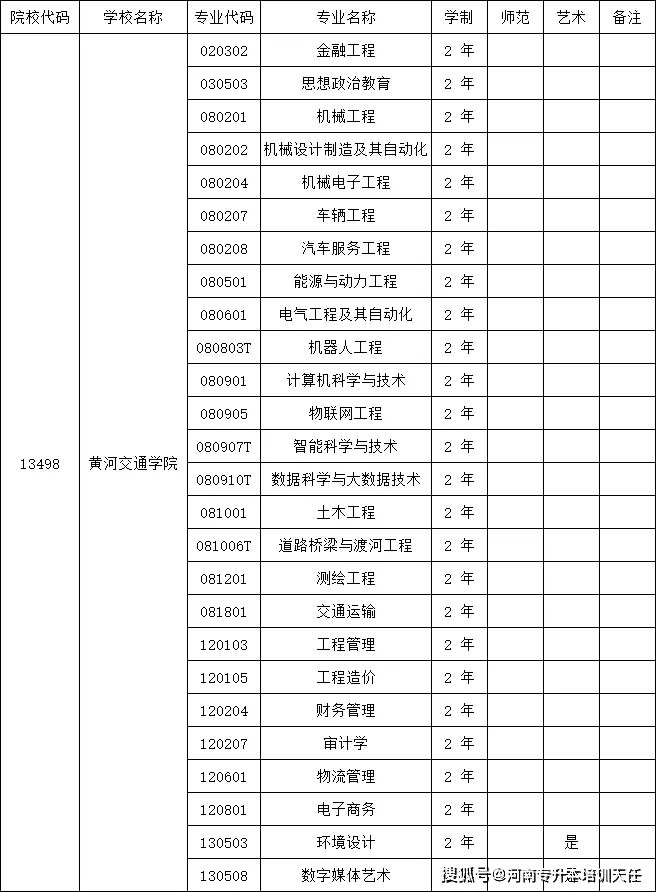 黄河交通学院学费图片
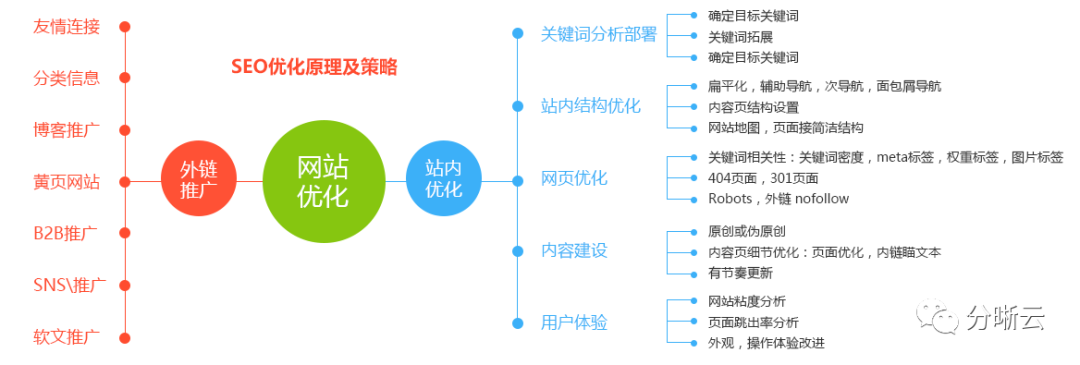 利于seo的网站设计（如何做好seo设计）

◇ ◇ ◇

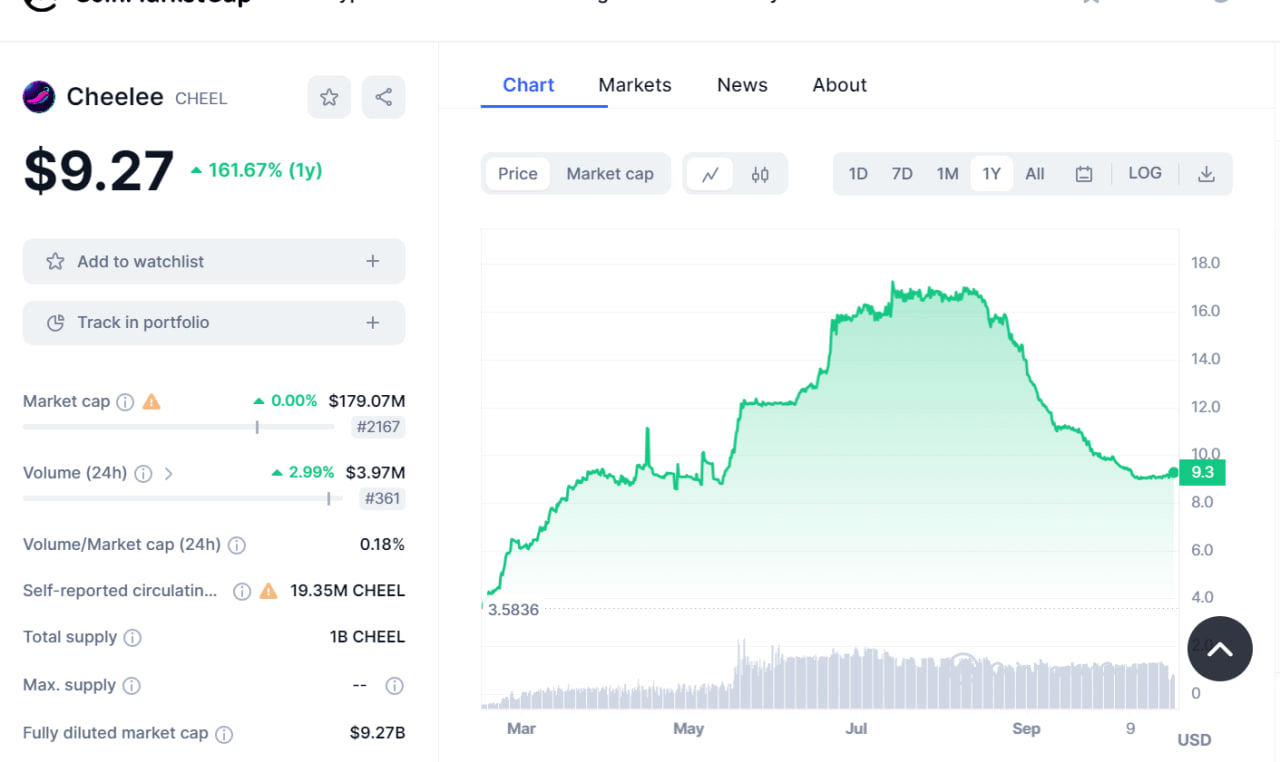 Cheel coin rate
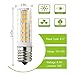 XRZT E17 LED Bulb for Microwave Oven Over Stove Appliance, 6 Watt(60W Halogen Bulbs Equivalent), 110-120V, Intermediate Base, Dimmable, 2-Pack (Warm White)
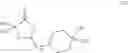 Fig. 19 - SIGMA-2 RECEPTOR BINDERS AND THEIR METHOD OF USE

◇ ◇ ◇

How to complete this task: From the material above, output only the span of lines that starts at the one containing "Cheel coin rate" and finishes at the one containing "Fig. 19 - SIGMA-2", word for word and free of pictures.

Task solution:
 Cheel coin rate
 XRZT E17 LED Bulb for Microwave Oven Over Stove Appliance, 6 Watt(60W Halogen Bulbs Equivalent), 110-120V, Intermediate Base, Dimmable, 2-Pack (Warm White)
 Fig. 19 - SIGMA-2 RECEPTOR BINDERS AND THEIR METHOD OF USE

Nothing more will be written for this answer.